異動になった上司を訪ねてきた中江さんと初めて会ったとき「感じのよい人だな」と思いました。
向こうも同じ印象を持ったようで、そのあと中江さんが上司に、
「素敵な方ですね」
と、私のことを褒めていたと聞きました。
その後、中江さんとは何度となく顔を合わせる機会がありましたが、彼は上司に会うたびに、
「朝霧さんは本当に素敵な方ですね」
「朝霧さんはいつ見てもおきれいですね」
と、私のことを話題にしていたそうです。
私も中江さんには好意を持っていましたから、素直に嬉しかったですね。
もちろん、お互い既婚者なのでどうこうしようとは思っていませんでしたけど。
そしてこれは、親会社へ書類の受け渡しに行った私が、用事を終えて総務課の事務所を出ようとしたときのことです。
事務所のドアは透明なガラスの入った框戸で、ドアを開けようとしたとき、ガラス越しに中江さんが立っているのが見えました。
中江さんも私に気付き、お互いドアノブに伸ばした手を止めました。
私が後ろへ一歩下がると、中江さんが少し躊躇ってから、ドアを開けて事務所へ入って来ました。
挨拶を交わしたあと、私は中江さんと入れ違いに事務所を出て、そっとドアを閉めました。
ドアを閉めたあと、ふと目を上げて中江さんの背中へ視線を走らせたとき、ほぼ同じタイミングでこちらをそっと振り返る中江さんと、目が合いました。
私は思わずうつむき、逃げるように事務所の前を離れましたが、あのとき伏し目がちにこちらを振り向いた中江さんの表情は、今も目に焼き付いて離れません。
あの後すぐ中江さんが転勤になり、一度も会うことがなかったので、余計に記憶に残っているのでしょうね。
そして、これはつい最近のこと。
私の中に強烈な余韻を残してくれた、こちらの吉本さん。
もう会うこともないと思っていた、この一年後。
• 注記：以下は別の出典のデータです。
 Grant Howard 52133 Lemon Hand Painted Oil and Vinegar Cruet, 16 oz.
私は吉本さんと、別の職場で再会してしまったのです。
再会したときの、吉本さんの驚いた表情。
当時と変わらず、会うたびに気持ちのよい挨拶を投げかけてくれる吉本さん。
もともと好意を持っていながら、二度と会えないと思っていた相手と再会してしまったわけです。
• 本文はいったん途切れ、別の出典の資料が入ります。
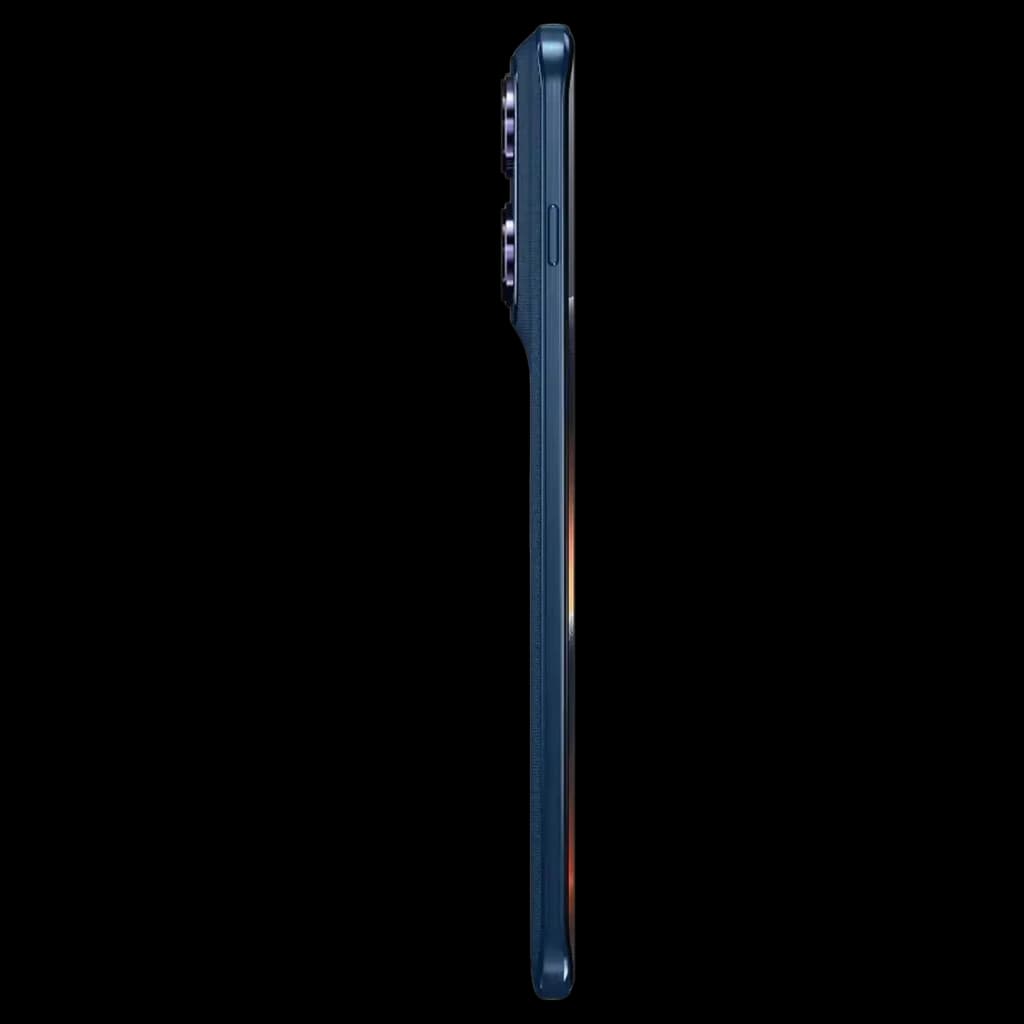 Motorola Edge 70 Pro 5G Titan azul, perfil ultradelgado con marco curvo y módulo de triple cámara trasera sobresaliente, acabado premium elegante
最初はただ「また会えてうれしい」という気持ちでしたが、やはり想いは募っていくものですね。
再会して半月ほどたった、ある日。
私が出勤し、事務所へ入ろうとしたところへ、たまたま吉本さんが通りかかりました。
「お疲れさん!」
「お疲れさまです」
挨拶を交わすと、私は彼に背を向けて、事務所のドアに手をかけました。
このとき、私はどうしても止められなかったのです。振り向いて、吉本さんの姿をもう一度見たいという欲求を。
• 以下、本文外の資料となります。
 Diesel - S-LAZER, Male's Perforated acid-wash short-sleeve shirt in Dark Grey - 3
ドアに手をかけたまま、私はそっと後ろを振り返りました。すると、同じタイミングでこちらを振り返った吉本さんと、一瞬だけ目が合いました。
慌てて目を反らし、何事もなかったかのようにドアを開けて中へ入ってしまったので、吉本さんの表情までは見えませんでしたが…。
気持ちを知られてはいけない。
だから、見てはいけない。
そんな心理が働くと、人は必ず伏し目がちになります。
あのときの中江さん然り、ついこの間の私も然り。少し俯いて、伏し目がちに振り返る。
少女漫画のようにバッチリ目が合うことは、まずないのです。
ただし、相手にどう思われようが気にしない。ただ、なんとなく好みのタイプだから見てしまう。
そのくらいの好意なら、ためらいなく振り返りますし、バッチリ目が合うこともあるかもしれませんね。